#### [Your instructions]
Look through the entries below for the line with "Gucci Off White" and the line with "LALAHO Faltpavillon Pavillon", then give again exactly those two lines and all lines between them, minus the pictures.

#### [Recorded information]
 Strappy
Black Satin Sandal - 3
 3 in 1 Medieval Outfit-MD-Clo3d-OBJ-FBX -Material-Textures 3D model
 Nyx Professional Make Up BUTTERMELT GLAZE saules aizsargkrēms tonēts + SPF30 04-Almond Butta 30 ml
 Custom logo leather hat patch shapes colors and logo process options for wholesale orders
...
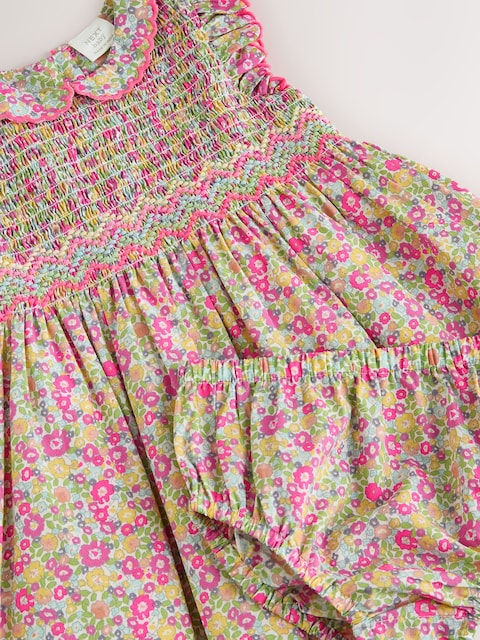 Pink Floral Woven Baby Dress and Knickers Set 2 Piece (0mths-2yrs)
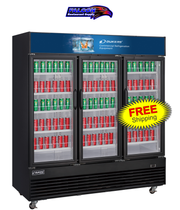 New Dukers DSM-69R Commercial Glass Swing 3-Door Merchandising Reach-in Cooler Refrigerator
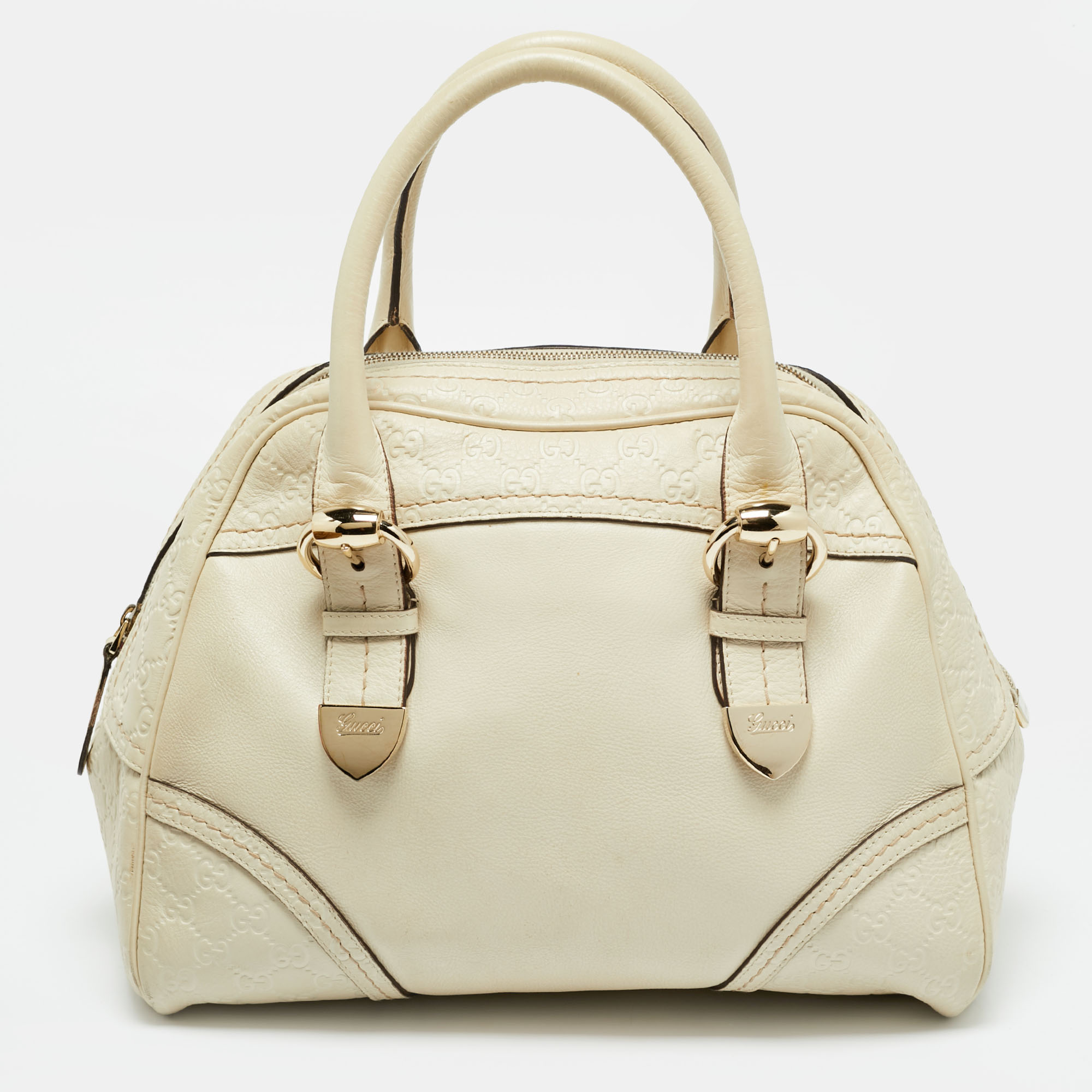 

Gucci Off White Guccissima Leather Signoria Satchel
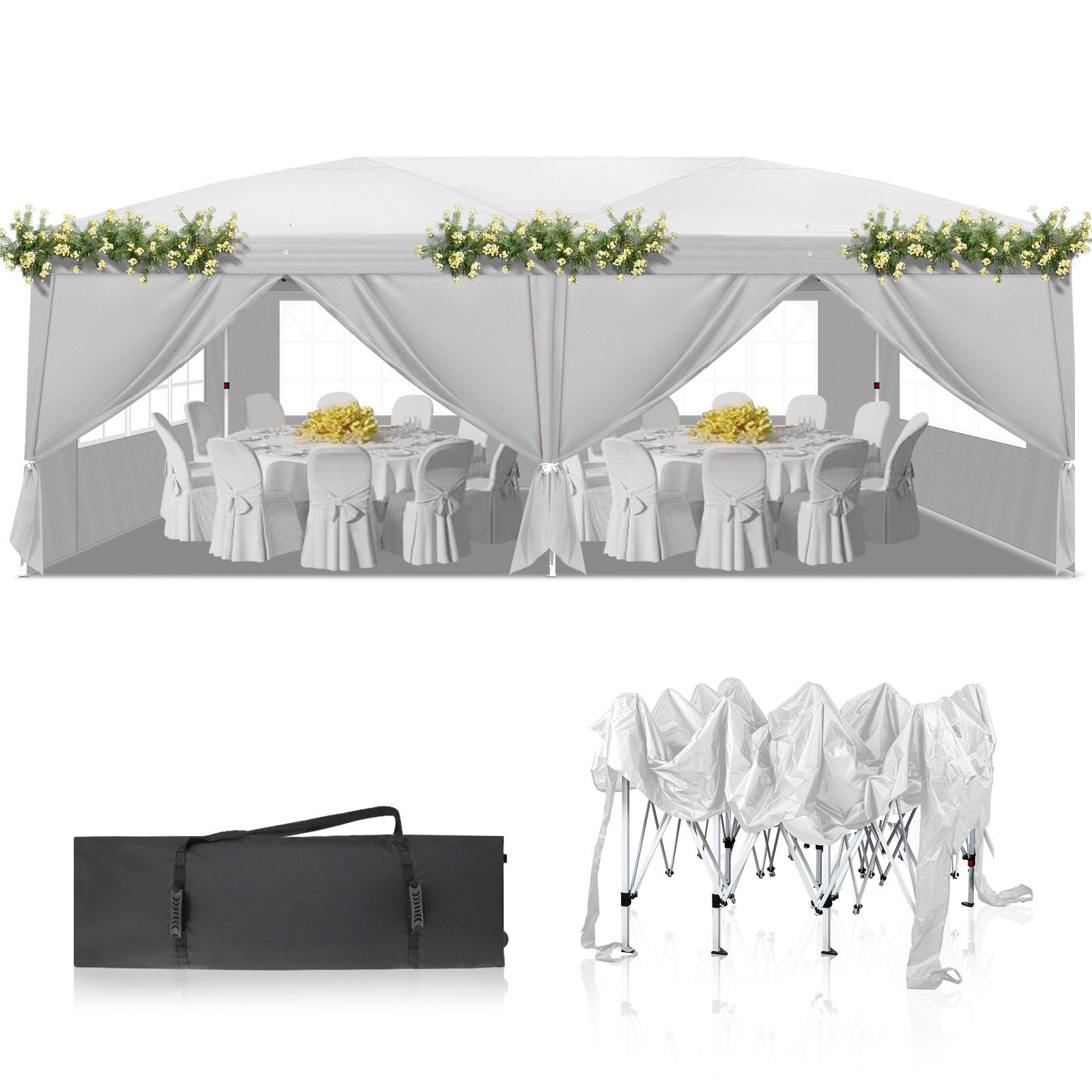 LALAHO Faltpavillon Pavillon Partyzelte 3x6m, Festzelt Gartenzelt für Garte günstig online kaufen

#### [Answer for this exercise]
Gucci Off White Guccissima Leather Signoria Satchel
 LALAHO Faltpavillon Pavillon Partyzelte 3x6m, Festzelt Gartenzelt für Garte günstig online kaufen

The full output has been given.